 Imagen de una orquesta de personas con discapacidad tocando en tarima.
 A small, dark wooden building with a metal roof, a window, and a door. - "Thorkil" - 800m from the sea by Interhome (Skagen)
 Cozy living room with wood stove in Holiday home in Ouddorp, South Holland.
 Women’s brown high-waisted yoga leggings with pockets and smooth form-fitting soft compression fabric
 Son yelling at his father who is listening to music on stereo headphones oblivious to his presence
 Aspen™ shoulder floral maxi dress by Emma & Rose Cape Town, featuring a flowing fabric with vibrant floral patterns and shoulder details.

══════

__THE PROBLEM__
The full listing needs to be output again, exactly as it reads.

__REPLY__
 Imagen de una orquesta de personas con discapacidad tocando en tarima.
 A small, dark wooden building with a metal roof, a window, and a door. - "Thorkil" - 800m from the sea by Interhome (Skagen)
 Cozy living room with wood stove in Holiday home in Ouddorp, South Holland.
 Women’s brown high-waisted yoga leggings with pockets and smooth form-fitting soft compression fabric
 Son yelling at his father who is listening to music on stereo headphones oblivious to his presence
 Aspen™ shoulder floral maxi dress by Emma & Rose Cape Town, featuring a flowing fabric with vibrant floral patterns and shoulder details.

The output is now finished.